TOM WALKINSHAW has signed an agreement with the Moscow city government to create and develop an international racing facility in Moscow.

It will be the first time that the TWR company has been involved in developing a racing circuit, although Tom Walkinshaw himself ran Silverstone for a period when he was chairman of the British Racing Drivers Club in the early 1990s. In the end Walkinshaw was voted off the board when club members objected to an arrangement in which the club purchased a chain of Tom's garages.

The circuit being planned will be built on Nagatino Island, to the south of the city on the Moskva River, and appears to be based on the same concept as Montreal with existing roadways being linked up to form a quick and cheap racing circuit with easy access to the downtown area. Work is expected to start next Spring and should be completed within two years, although things will obviously be slowed down by the harsh Russian winters.
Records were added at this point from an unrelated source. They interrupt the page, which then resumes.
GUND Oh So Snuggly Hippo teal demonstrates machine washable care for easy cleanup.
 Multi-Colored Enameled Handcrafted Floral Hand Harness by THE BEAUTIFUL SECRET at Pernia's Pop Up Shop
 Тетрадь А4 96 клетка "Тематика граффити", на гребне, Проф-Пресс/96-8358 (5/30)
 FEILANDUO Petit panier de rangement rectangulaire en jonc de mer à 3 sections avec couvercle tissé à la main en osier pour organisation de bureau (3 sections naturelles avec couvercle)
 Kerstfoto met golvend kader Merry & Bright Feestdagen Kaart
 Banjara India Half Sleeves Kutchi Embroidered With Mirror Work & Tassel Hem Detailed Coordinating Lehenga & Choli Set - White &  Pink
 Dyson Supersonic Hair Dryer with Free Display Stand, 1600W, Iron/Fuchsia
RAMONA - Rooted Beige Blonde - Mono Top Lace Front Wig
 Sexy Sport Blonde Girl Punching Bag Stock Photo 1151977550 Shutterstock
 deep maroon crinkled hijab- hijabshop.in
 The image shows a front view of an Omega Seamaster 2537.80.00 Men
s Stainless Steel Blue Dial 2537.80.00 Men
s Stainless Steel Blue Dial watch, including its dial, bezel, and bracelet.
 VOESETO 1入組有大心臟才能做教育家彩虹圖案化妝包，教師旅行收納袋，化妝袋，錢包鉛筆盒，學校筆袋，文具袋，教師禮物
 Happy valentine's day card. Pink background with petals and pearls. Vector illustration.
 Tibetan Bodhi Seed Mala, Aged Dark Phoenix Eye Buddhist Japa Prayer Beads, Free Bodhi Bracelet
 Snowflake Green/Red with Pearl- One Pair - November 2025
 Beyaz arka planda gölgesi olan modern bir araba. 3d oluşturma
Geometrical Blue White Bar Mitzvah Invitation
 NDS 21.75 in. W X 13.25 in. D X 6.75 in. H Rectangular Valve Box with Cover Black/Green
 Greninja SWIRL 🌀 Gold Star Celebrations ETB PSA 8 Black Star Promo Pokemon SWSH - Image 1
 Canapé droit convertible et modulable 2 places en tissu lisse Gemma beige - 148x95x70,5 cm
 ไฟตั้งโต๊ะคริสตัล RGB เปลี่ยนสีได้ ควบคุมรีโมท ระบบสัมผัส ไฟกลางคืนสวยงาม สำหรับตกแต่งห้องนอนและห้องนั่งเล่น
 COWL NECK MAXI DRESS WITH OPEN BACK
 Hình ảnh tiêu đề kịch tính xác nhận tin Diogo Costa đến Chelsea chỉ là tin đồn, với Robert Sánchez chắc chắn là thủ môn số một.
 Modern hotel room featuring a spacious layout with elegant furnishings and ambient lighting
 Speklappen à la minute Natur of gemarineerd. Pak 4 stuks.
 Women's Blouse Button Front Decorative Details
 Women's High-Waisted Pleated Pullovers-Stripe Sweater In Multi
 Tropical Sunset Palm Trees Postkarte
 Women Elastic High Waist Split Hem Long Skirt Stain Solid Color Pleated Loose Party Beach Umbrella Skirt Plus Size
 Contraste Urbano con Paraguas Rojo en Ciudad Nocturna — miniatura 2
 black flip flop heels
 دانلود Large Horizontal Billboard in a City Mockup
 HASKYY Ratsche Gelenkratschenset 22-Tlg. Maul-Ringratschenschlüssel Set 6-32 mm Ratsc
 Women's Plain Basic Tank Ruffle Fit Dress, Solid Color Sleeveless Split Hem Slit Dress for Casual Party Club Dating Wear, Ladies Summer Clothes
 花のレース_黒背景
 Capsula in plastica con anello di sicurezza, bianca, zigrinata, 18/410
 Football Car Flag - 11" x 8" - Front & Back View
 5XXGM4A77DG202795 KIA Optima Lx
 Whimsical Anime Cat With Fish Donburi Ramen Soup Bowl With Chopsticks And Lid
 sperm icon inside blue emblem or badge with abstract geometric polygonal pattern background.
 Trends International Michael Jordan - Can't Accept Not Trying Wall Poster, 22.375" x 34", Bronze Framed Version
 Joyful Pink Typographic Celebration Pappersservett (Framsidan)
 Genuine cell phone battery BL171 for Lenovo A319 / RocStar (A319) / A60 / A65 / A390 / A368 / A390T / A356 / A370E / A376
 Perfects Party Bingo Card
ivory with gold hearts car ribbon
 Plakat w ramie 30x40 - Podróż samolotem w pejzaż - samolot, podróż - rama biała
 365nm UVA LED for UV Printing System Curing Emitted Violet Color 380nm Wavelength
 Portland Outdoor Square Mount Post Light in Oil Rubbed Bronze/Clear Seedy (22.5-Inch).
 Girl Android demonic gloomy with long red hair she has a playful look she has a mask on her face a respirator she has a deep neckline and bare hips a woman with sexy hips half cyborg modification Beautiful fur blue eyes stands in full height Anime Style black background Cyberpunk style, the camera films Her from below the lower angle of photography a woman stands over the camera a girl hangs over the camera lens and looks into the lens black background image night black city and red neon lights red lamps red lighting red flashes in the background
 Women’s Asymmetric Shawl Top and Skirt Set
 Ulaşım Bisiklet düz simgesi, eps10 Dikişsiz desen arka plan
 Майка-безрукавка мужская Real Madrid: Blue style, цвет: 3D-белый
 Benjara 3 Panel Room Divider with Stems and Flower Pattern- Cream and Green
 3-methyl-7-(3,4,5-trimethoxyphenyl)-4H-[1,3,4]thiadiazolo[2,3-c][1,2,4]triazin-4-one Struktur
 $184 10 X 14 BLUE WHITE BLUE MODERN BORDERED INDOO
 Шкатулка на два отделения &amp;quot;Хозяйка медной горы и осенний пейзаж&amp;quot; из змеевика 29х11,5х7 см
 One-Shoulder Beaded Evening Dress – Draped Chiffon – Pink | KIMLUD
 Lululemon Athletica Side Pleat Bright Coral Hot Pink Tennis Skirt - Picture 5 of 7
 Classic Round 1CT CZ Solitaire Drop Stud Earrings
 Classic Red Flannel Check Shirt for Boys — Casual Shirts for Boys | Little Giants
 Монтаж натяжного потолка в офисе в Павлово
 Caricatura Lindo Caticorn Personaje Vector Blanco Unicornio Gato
There have been a number of different projects for racing circuits in Moscow and in February the city government voted to build a Formula 1 standard racing circuit at Molzhaneyevsky, close to Moscow's Sheremetyevo International Airport to the north of the city. That program seems to have been rejected because it was too expensive and needed private investment which was not forthcoming. There were also rival bids from the cities of Tula and Leningrad.

Whether or not there are plans for this track to be used for Formula 1 remains to be seen although Formula 1 boss Bernie Ecclestone is not keen on taking Grand Prix racing to Russia because of the problems in recent years with organized crime in that country, which he feels would reflect badly on the sport.

Walkinshaw obviously has no such worries.